Entertainment titans George Lucas and Steven Spielberg gathered to talk about the future of cinema, and according to them, we're witnessing the first stages of a multiplex apocalypse, where theatrical blockbusters will become a niche market and VOD will reign supreme as the king choice of consumers. They even go as far as to predict programmable dreams.

The pair spoke out at the USC School of Cinematic Arts, where George Lucas predicted that soon, the major studios will begin to crumble.

"They're going for the gold. But that isn't going to work forever. And as a result they're getting narrower and narrower in their focus. People are going to get tired of it. They're not going to know how to do anything else.

You're going to end up with fewer theaters, bigger theaters with a lot of nice things. Going to the movies will cost 50 bucks or 100 or 150 bucks, like what Broadway costs today, or a football game. It'll be an expensive thing. (The movies) will sit in the theaters for a year, like a Broadway show does. That will be called the 'movie' business.

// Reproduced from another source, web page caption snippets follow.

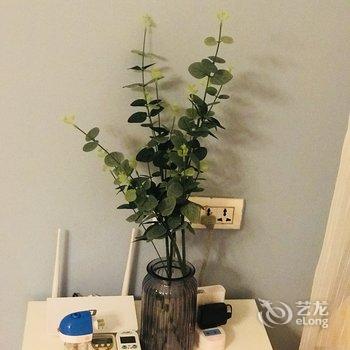 重庆自然醒haveagoodnight公寓(8号店)酒店提供图片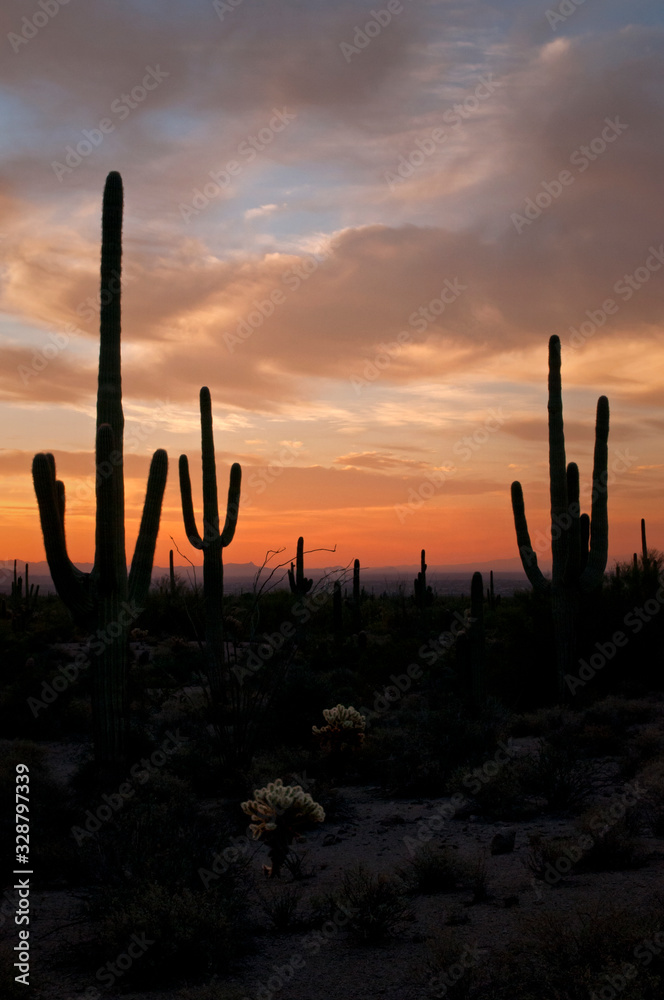 Saguaro cactus at sunrise in Usery Mountain Regional Park in Mesa, Arizona. Saguaro cactus at sunrise in Usery Mountain Regional Park in Mesa, Arizona.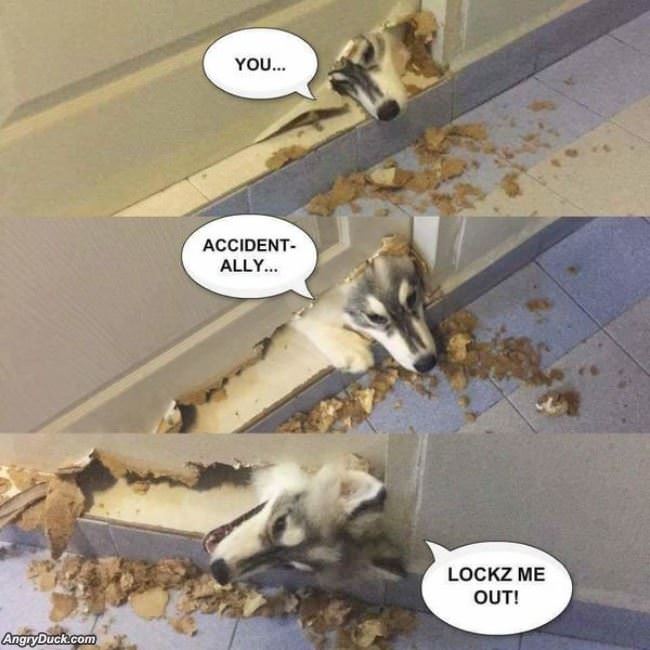 Hey You Locked Me Out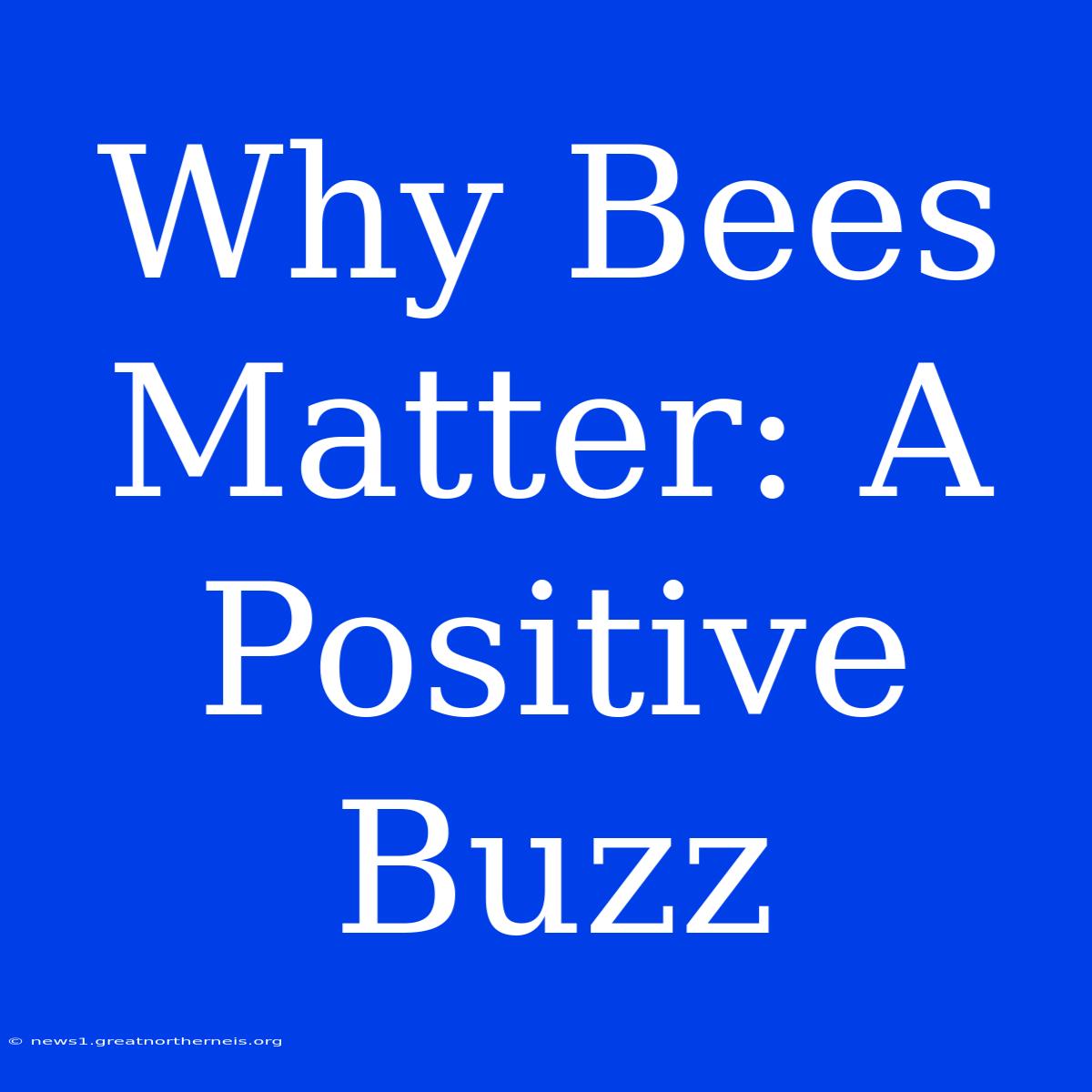 Why Bees Matter: A Positive Buzz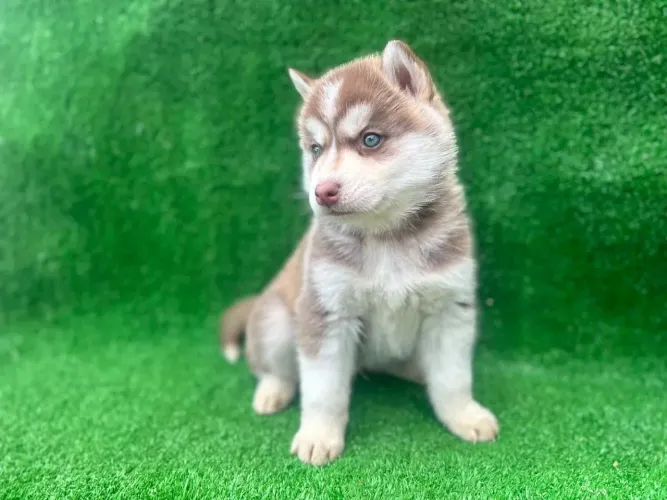 Husky siberiano O filhotinho que vale o prêmio da pescaria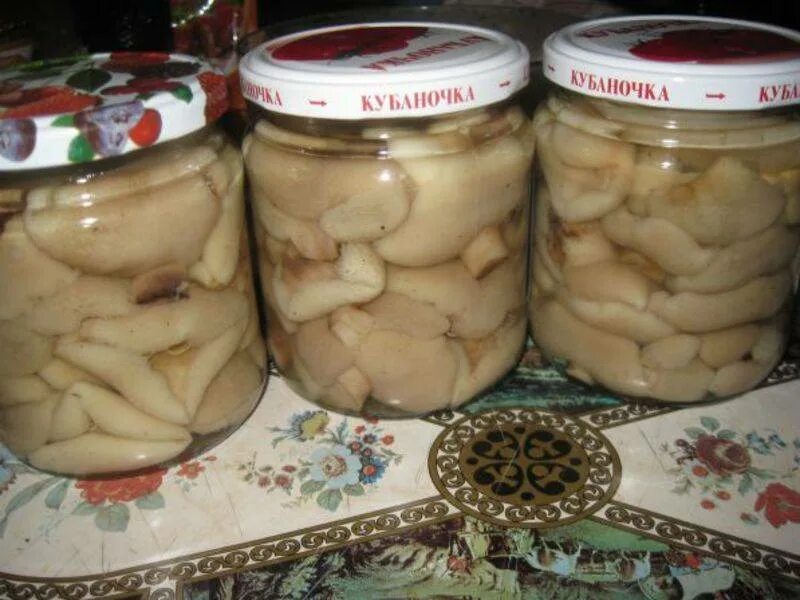 Маслята на зиму. Маслята на зиму заготовки. маслята маринованные на зиму. маслята в банке. маслята в банке на зиму.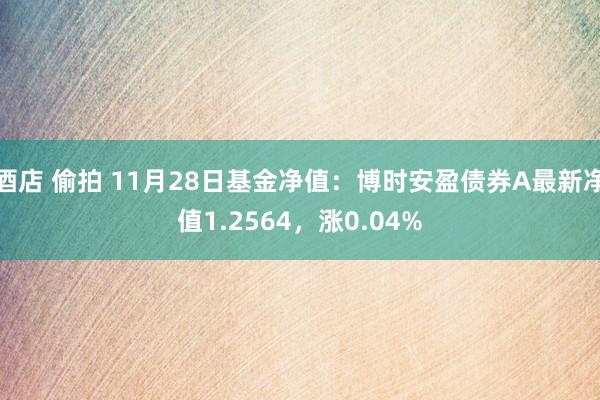   酒店 偷拍 11月28日基金净值：博时安盈债券A最新净值1.2564，涨0.04%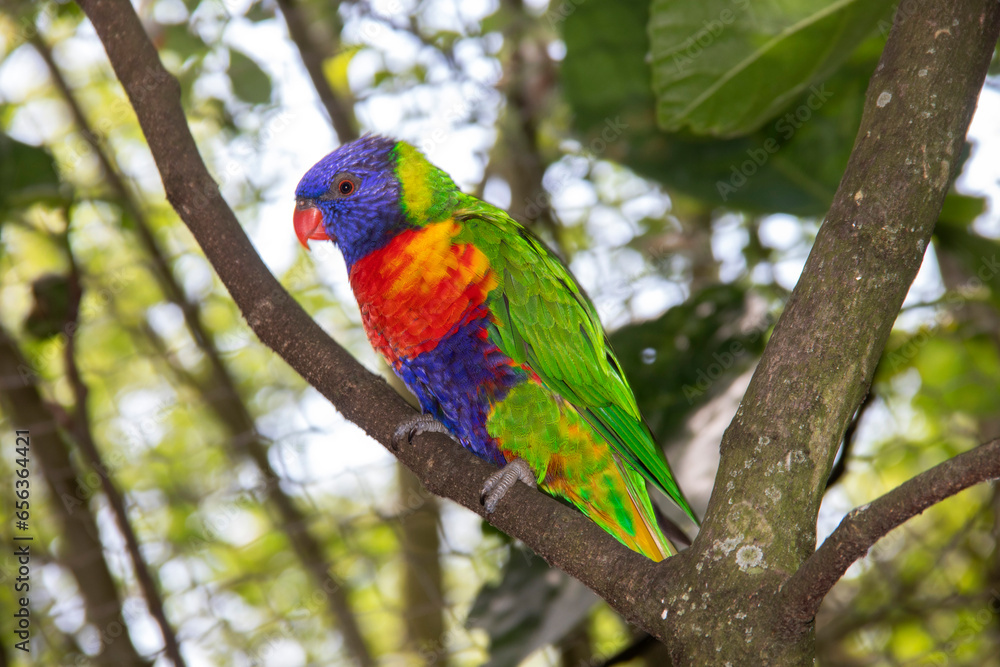 Gros plan d'un loriquet à tête bleue sur une branche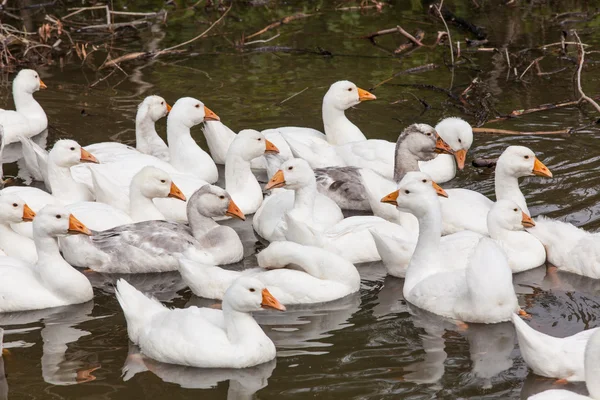 Flock of funny geese — Stock Photo, Image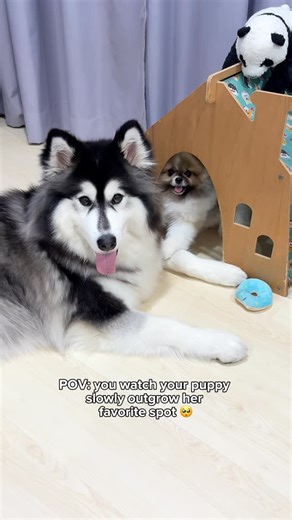 MARU 🐼 BEAR 🐻 FREYA 🐼 on Instagram: "Freya used to run into her little house so easily 🥺 She still tries, but now she’s grown too big to fit. So Freya sleeps right outside, and Adalind always reaches out with her little paw to remind her she’s not alone 🥹 • • • #dogsiblings #doglife #puppy #husky #pomeranian"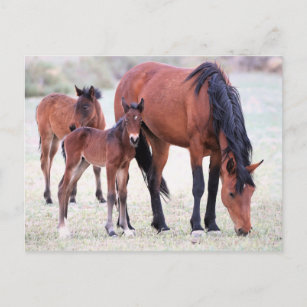 Onaqui Wild Horses Postkarte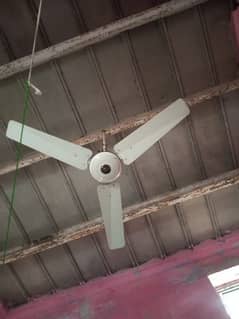 GFC fan 56inch 99.99pure copper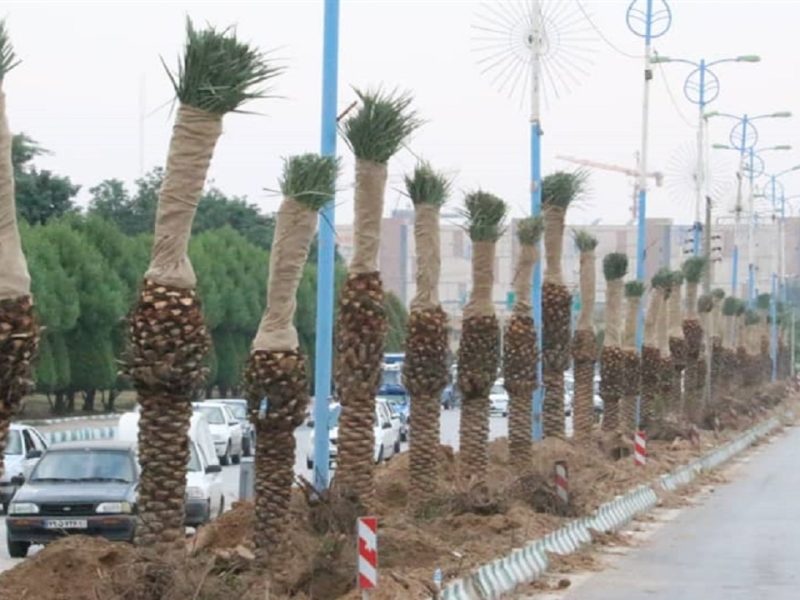 کاشت درختان نخل در ورودی شهر سیریک توسط شهرداری بندر سیریک، گامی در راستای زیباسازی فضای سبز شهری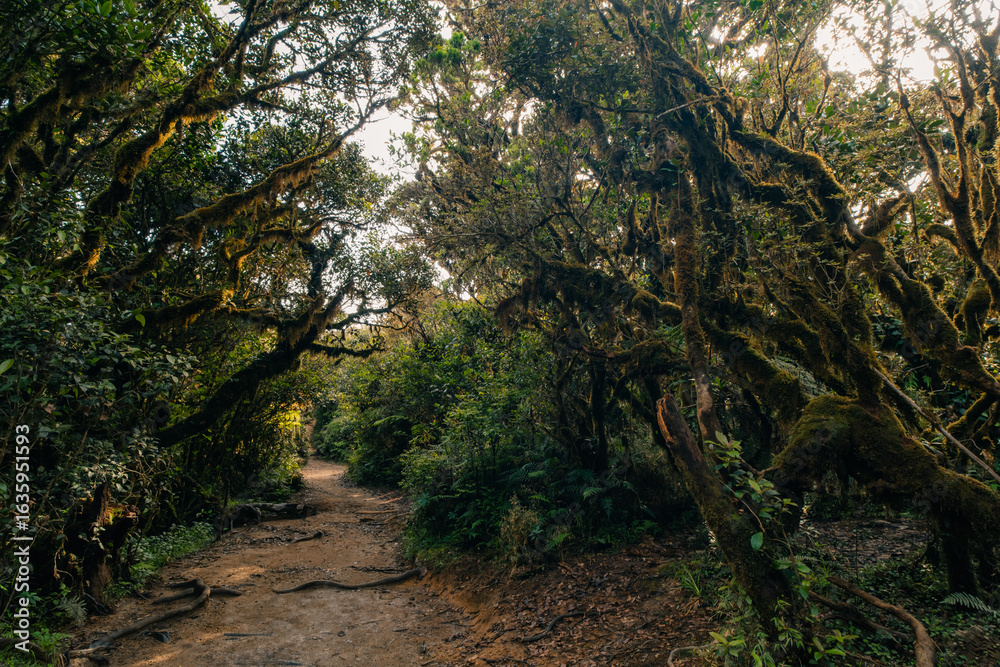 Naklejka premium rainforest near mount pulag, Philippines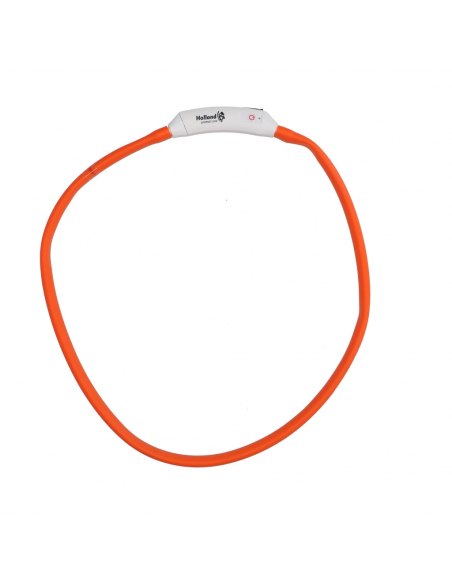 Świecąca obroża One Size Nightwalk Safety Collar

There'll be big movies on a big screen, and it'll cost them a lot of money. Everything else will be on a small screen. It's almost that way now. Lincoln and Red Tails barely got into theaters. You're talking about Steven Spielberg and George Lucas can't get their movies into theaters."

Steven Spielberg continued the thought, saying this.

"There's eventually going to be a big meltdown. There's going to be an implosion where three or four or maybe even a half-dozen of these mega-budgeted movies go crashing into the ground and that's going to change the paradigm again.

What used to be the movie business, in which I include television and movies ... will be Internet television. The question will be: Do you want people to see it, or do you want people to see it on a big screen?"

George Lucas made the craziest claim of the conference, saying that implants are the way of the future, and that within the next few decades, we will be able to program our dreams when we sleep at night.

"The next step is to be able to control your dreams. You'll just tap into a different part of your brain. You're just going to put a hat on or plug into the computer and create your own world. ... We'll be able to do the dream thing 10, 15 years from now. It's not some pie-in-the-sky thing."

What do you think of the future of cinema? Will the local multiplex crash and burn while huge auditoriums sell single tickets at $100 a piece. Is VOD going to take over the movie industry? Only time will tell.